R型铁氧体BaFe4-xTi2+xO11的化学组态以及磁性行为的研究

本文通过传统的固相反应法制备了R型六角铁氧体BaFe_4-xTi_2+xO₁₁ (x= 0, 0.25, 0.5, 0.75, 1), 并且对它的原子价态以及磁性行为进行了研究. X 射线光电子能谱(XPS)结果显示了随着掺杂含量的增加, 体系中Fe³⁺离子逐渐减少而Fe²⁺离子逐渐增加. 由于具有非对称结构的阻挫晶格中存在各种关联作用的竞争, 使得BaFe_4-xTi_2+xO₁₁体系表现出了复杂的磁有序行为, 在T₁～250 K和T₂～83 K两处存在磁转变. 对这一系列掺杂样品, 在相变温度T₁之上表现顺磁行为, 而在相变温度T₂前后的磁化强度都表现出低场下随磁场的增加快速增加, 高场下则线性变化且在5×10⁴ Oe时还未达到饱和的行为, 表明这一系列掺杂样品是典型的倾斜反铁磁态(canted antiferromagnetic) 或者亚铁磁态.

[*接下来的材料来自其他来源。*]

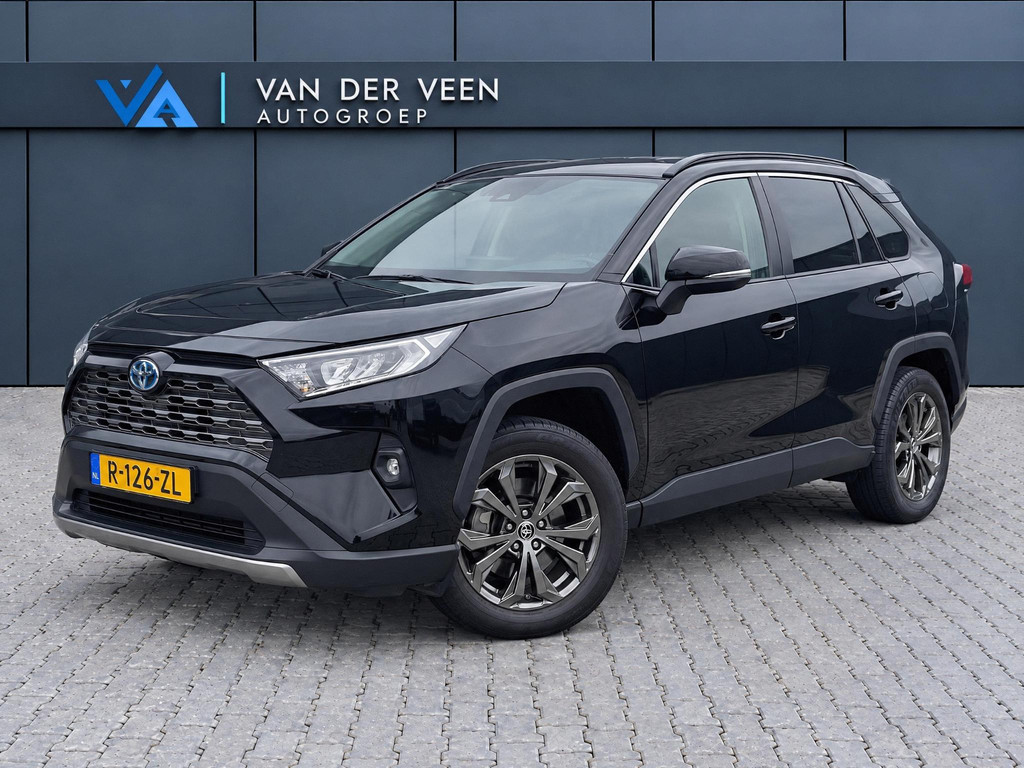 Toyota RAV4 2.5 Hybrid AWD Dynamic 57259423-0.jpg | LSN Lease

Magnetic property and electronic structure of BaFe4-xTi2+xO11

In this paper, polycrystalline BaFe_4-xTi_2+xO₁₁ (x=0, 0.25, 0.5, 0.75, 1) samples have been synthesized by the conventional solid-state reaction method. X-ray diffraction (XRD) patterns of all the samples show that the diffraction peaks correspond to that of an R-type hexagonal ferrite structure, and no trace of second phase is detected. Measurement of X-ray photoelectron spectroscopy (XPS) reveals that most of the Fe ions in BaFe₄Ti₂O₁₁ are trivalent and the fitting of two peaks in Fe 2p spectrum corresponding to different Fe ion sites, while the amount of Fe²⁺ ions increases with the increase of Ti ions in BaFe_4-xTi_2+xO₁₁. The spectroscopy of Ti ions confirms that the valence of Ti in BaFe_4-xTi_2+xO₁₁ are tetravalent. Magnetic susceptibility of BaFe_4-xTi_2+xO₁₁ (x= 0, 0.25, 0.5, 0.75, 1) reveals two magnetic transitions at T₁～250 K and T₂～83 K, which indicate a complex magnetic order driven by competing interactions on a frustrated lattice with a noncentrosymmetric structure. For all the samples, the magnetic susceptibility obeys Curie-Weiss law above T₁, and M-H curves exhibit a linear variation with magnetic field in this temperature range, which is consistent with the paramagnetic behavior. A decrease of the effective magnetic moment is due to the increase of Fe²⁺ ions with the increase of Ti content in BaFe_4-xTi_2+xO₁₁. Below T₁, the magnetization curve as a function of temperature (M-T) and the magnetization versus magnetic field (M-H) at different temperatures imply its characteristic of a typical canted antiferromagnetic or ferrimagnetic state. Meanwhile, the transition temperature T₂ drops gradually with the increase in Ti content, which might be related to the change of occupying of Fe ions in the kagome layers.